**Directions for this task:**
Leaving out the images, please reproduce each line below exactly.

**Source data:**
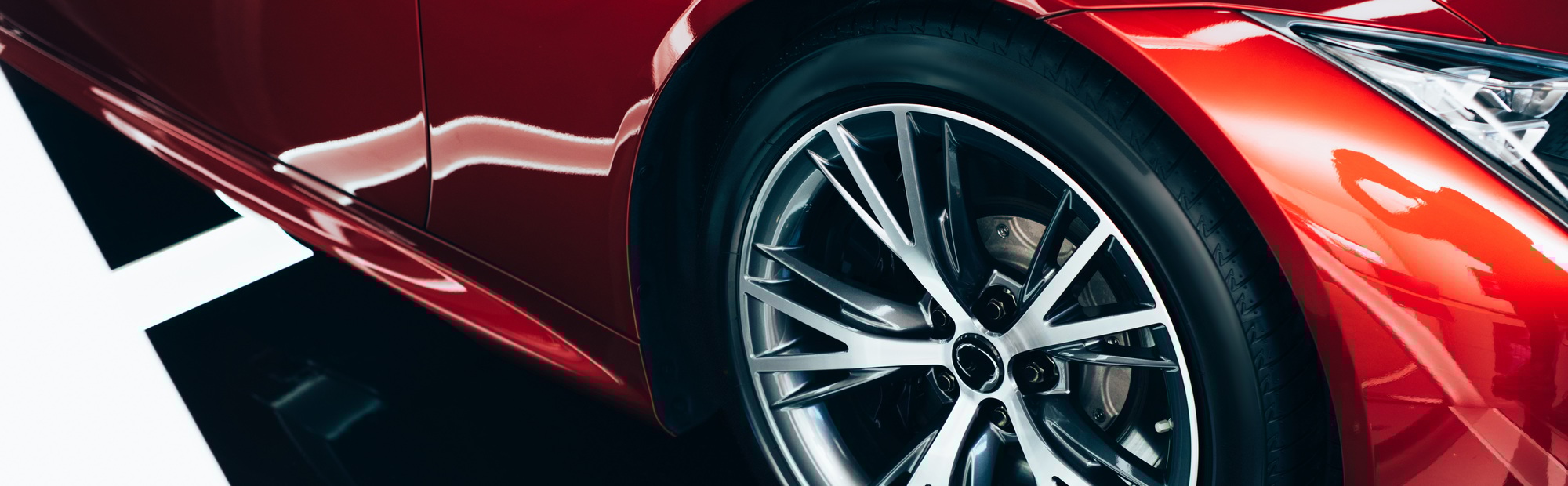 panoramic shot of new shiny red automobile with metallic wheel panoramic shot of new shiny red automobile with metallic wheel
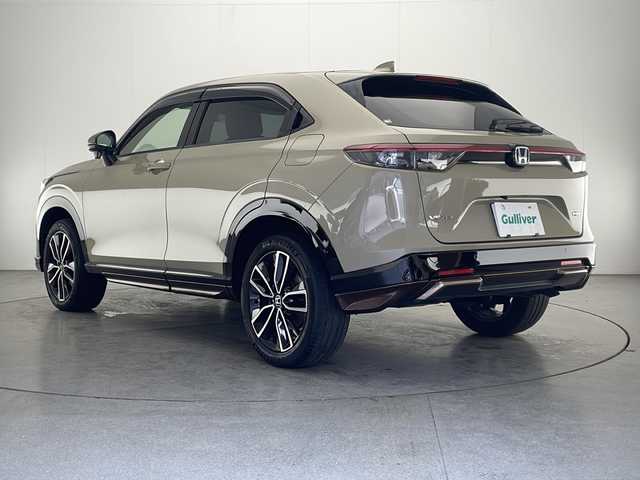 ホンダ ヴェゼル ハイブリッド e:HEV Z 宮崎県 2021(令3)年 3.6万km サンドカーキパール 禁煙車/ホンダセンシング/純正8型ナビTV/（VXM-215VFEi/CD/DVD/Bluetooth/フルセグTV)/純正バックカメラ/純正ドライブレコーダー/純正ETC/純正エアロ/純正18インチアルミ/純正LEDオートライト/純正LEDフォグ/純正フロアマット/アダプティブクルーズコントロール/レーンディパーチャーアラート/オートマチックハイビーム/ブラインドスポットモニター/ダウンヒルアシストコントロール/クリアランスソナー/電子パーキング/オートホールド/パワーバックドア/デュアルオートエアコン/前席シートヒーター/ステアリングヒーター/スマートキー/プッシュエンジンスタート/新車時保証書/取扱い説明書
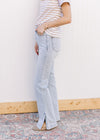 Side view of model wearing lightwash bootcut jeans with side slits and a built in tummy control. 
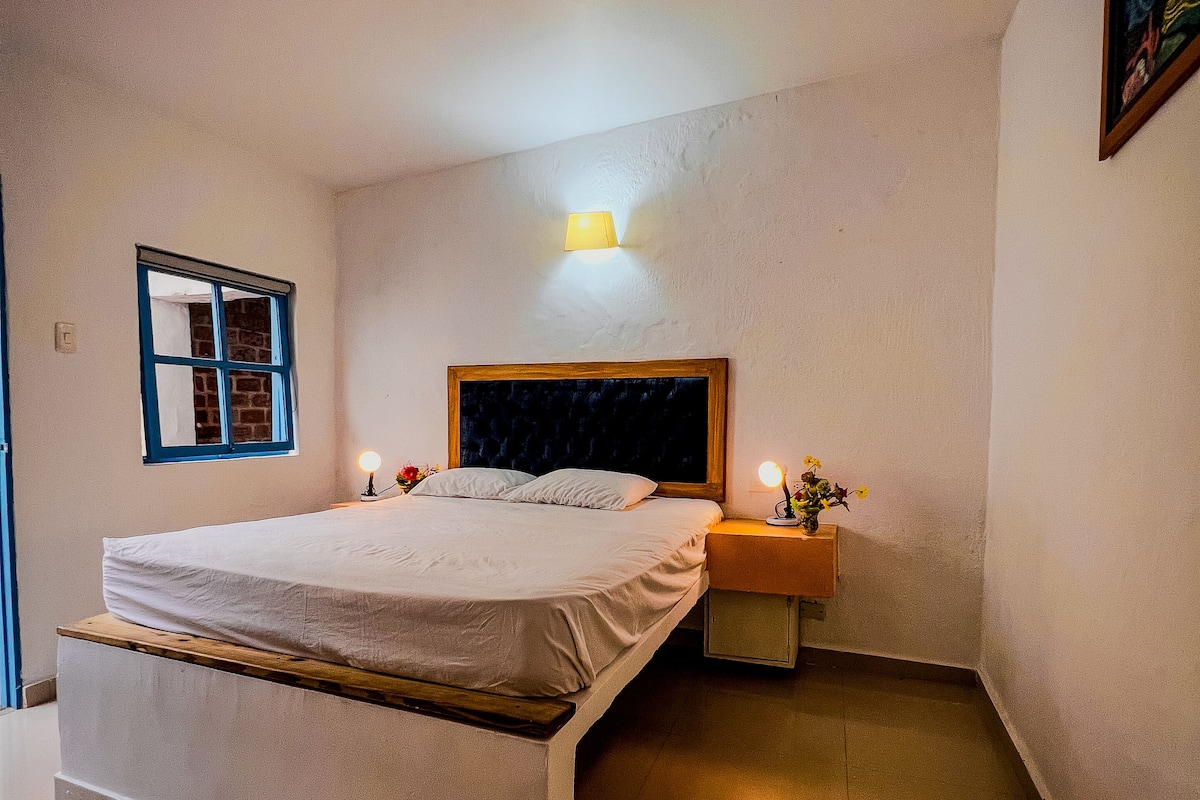 Ein Schlafzimmer mit Bett, Nachttisch, Wandlampe, Fenster und einem Bild an der Wand.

**Task response:**
 panoramic shot of new shiny red automobile with metallic wheel panoramic shot of new shiny red automobile with metallic wheel
 ホンダ ヴェゼル ハイブリッド e:HEV Z 宮崎県 2021(令3)年 3.6万km サンドカーキパール 禁煙車/ホンダセンシング/純正8型ナビTV/（VXM-215VFEi/CD/DVD/Bluetooth/フルセグTV)/純正バックカメラ/純正ドライブレコーダー/純正ETC/純正エアロ/純正18インチアルミ/純正LEDオートライト/純正LEDフォグ/純正フロアマット/アダプティブクルーズコントロール/レーンディパーチャーアラート/オートマチックハイビーム/ブラインドスポットモニター/ダウンヒルアシストコントロール/クリアランスソナー/電子パーキング/オートホールド/パワーバックドア/デュアルオートエアコン/前席シートヒーター/ステアリングヒーター/スマートキー/プッシュエンジンスタート/新車時保証書/取扱い説明書
 Side view of model wearing lightwash bootcut jeans with side slits and a built in tummy control. 
 Ein Schlafzimmer mit Bett, Nachttisch, Wandlampe, Fenster und einem Bild an der Wand.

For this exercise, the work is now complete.